Why wait and hope for C++ to get where modern languages are now? I know there's value in the shared experience in C++ that if adapted would make it stronger, but I can only see a development of C++ having to force a drop of a lot of outdated stuff to even get started on being more suitable.
But the language is just not comfortable to me. From large amounts of anything creating undefined behavior, the god awful header files which I hate with a passion, tough error messages and such. I also met a fun collision of C++ in Visual Studio and using it with CMake in CLion.
I've just started looking at rust for fun, and outside not understanding all the errors messages with the bounded stuff yet, figuring out what type of string I should use or pass, and the slow climb up the skill curve, it's pretty nice. Installing stuff is as easy as copy pasting the name into the cargo file!

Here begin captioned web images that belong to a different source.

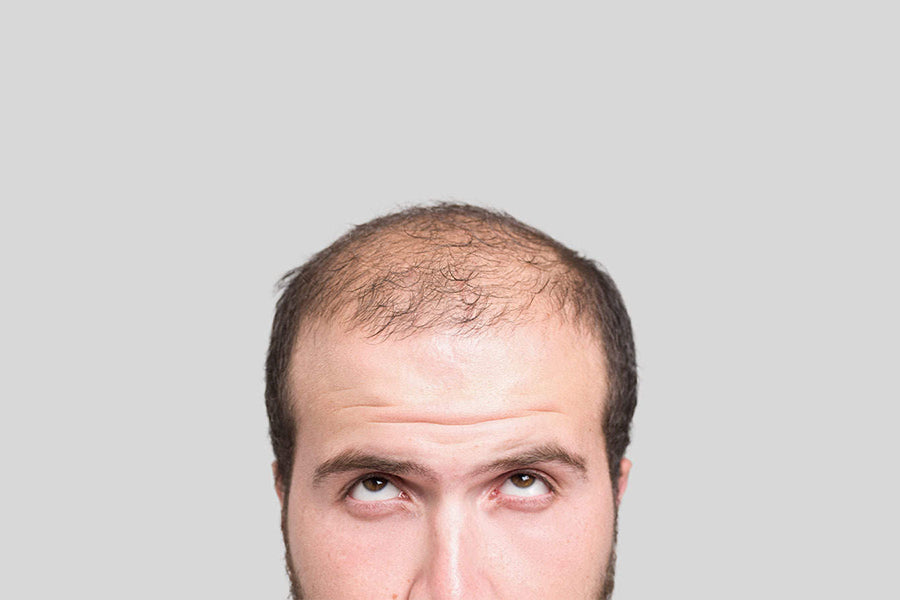 Male Pattern Baldness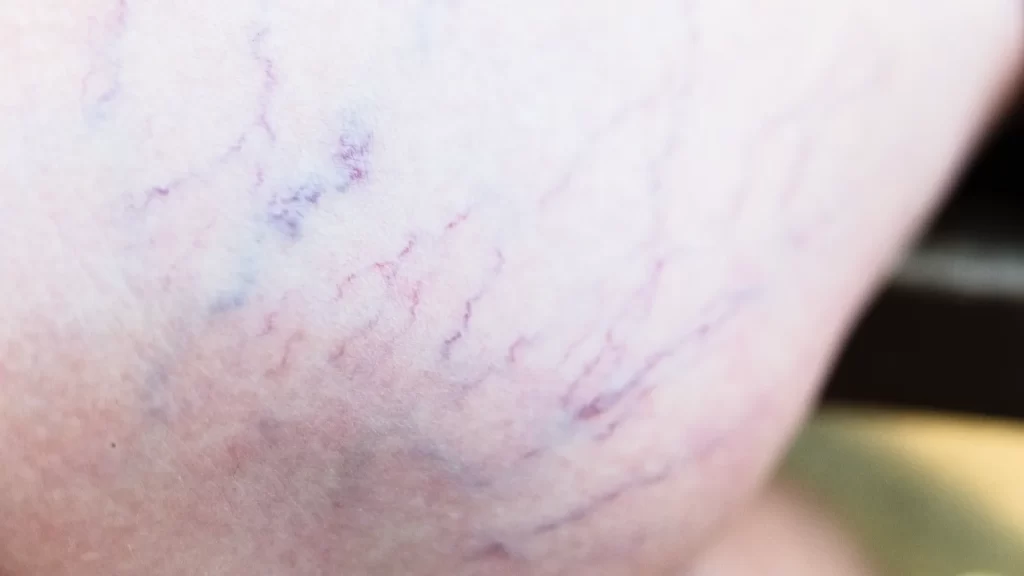 Varicose vein treatment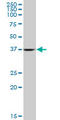 Aldolase, Fructose-Bisphosphate A antibody, LS-B6377, Lifespan Biosciences, Western Blot image 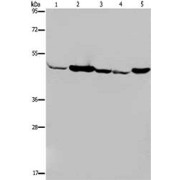 WB analysis of Human fetal muscle tissue (1), Jurkat cells (2), 293T cells (3), HeLa cells (4) and Mouse liver tissue (5), using IDH2 antibody (1/600 dilution).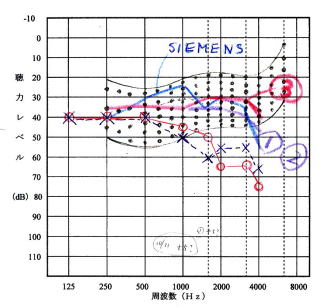 補聴器調整結果(聞こえ方)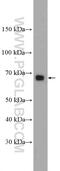 RANGAP1 antibody, 11102-1-AP, Proteintech Group, Western Blot image 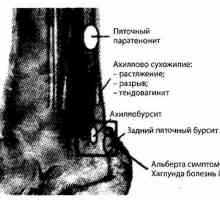 Foot, глезена и долната трета на тибията на радиация и инструменти диагностиката. Патологията на…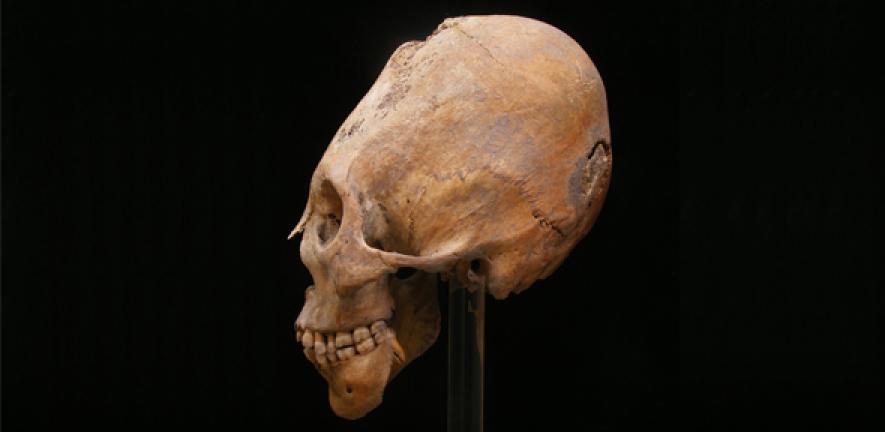 Example of a modified skull, a practice assumed to be Hunnic that may have been appropriated by local farmers within the bounds of the Western Roman Empire.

Rust is just the prospective replacement of C++ though, people act like the White house said that C++ should be replaced by rust now. But the just recommend it and other languages, C# will do for a lot of people that does not need the performance and detail that the aforementioned languages target. Python is targeting a whole different use, but often combined with the faster ones.
C++ will live a long time, and if the popularity dies down it will surely be very profitable to be a developer on the critical systems that use it many years from now. I just don't think an evolution of C++ is going to bring what the world needs, particularly because of the large amount of existing memory related security vulnerabilities. If things were good as they are now, this recommendation would not be made to begin with.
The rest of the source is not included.